====== Data shown ======
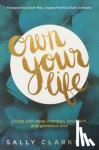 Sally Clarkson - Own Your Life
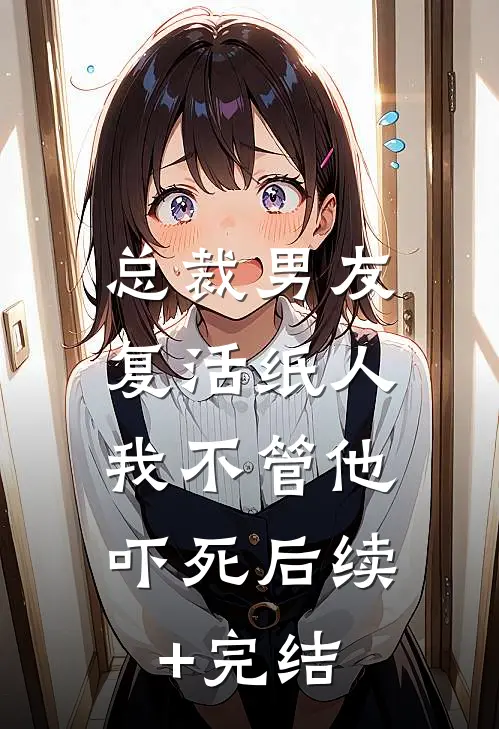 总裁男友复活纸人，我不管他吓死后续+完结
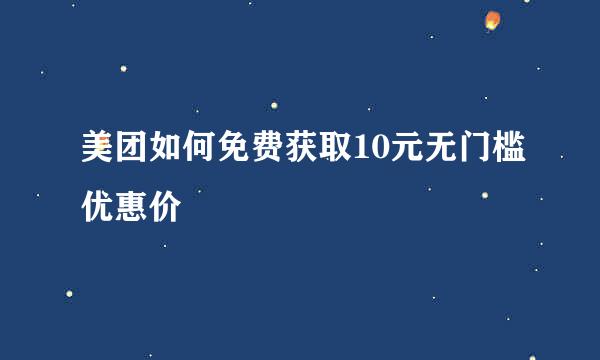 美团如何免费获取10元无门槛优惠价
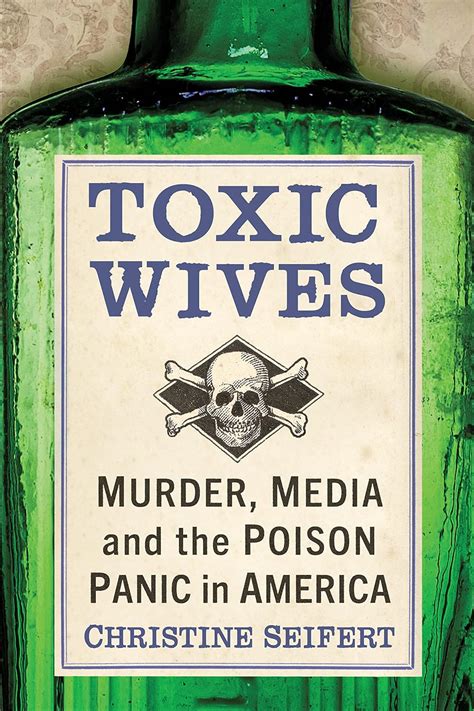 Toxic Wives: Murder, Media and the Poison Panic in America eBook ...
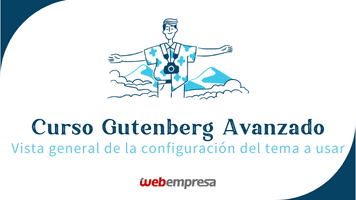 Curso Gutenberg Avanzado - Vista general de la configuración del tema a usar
======
====== Data shown ======
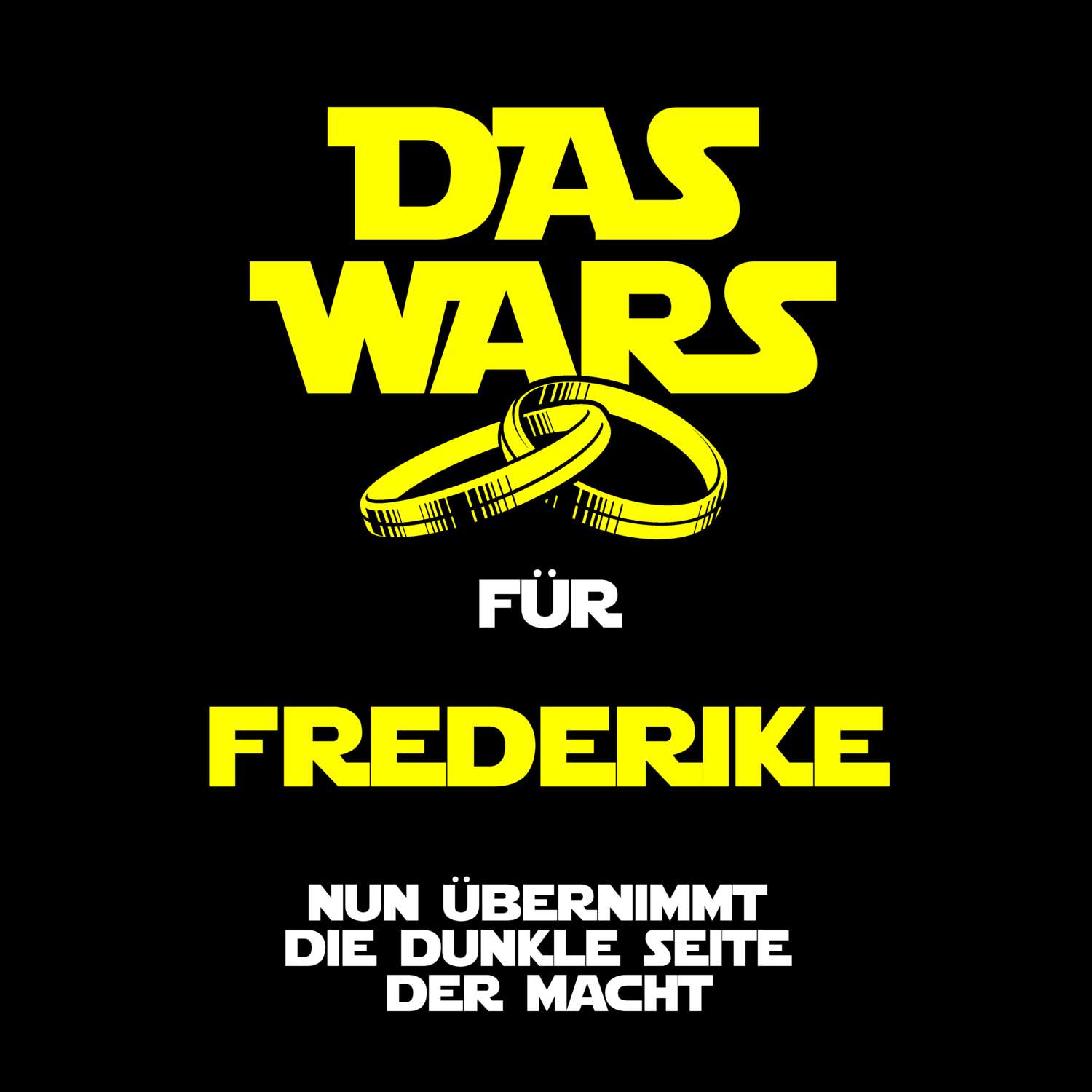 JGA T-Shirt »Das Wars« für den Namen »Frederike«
======
#### Aim of the exercise
Above are some records; quote exactly and only the lines that begin at the line containing "总裁男友复活纸人，我不管他吓死后续+完结" and stop after the line containing "Curso Gutenberg Avanzado", leaving out the pictures.

#### Answer area
 总裁男友复活纸人，我不管他吓死后续+完结
 美团如何免费获取10元无门槛优惠价
 Toxic Wives: Murder, Media and the Poison Panic in America eBook ...
 Curso Gutenberg Avanzado - Vista general de la configuración del tema a usar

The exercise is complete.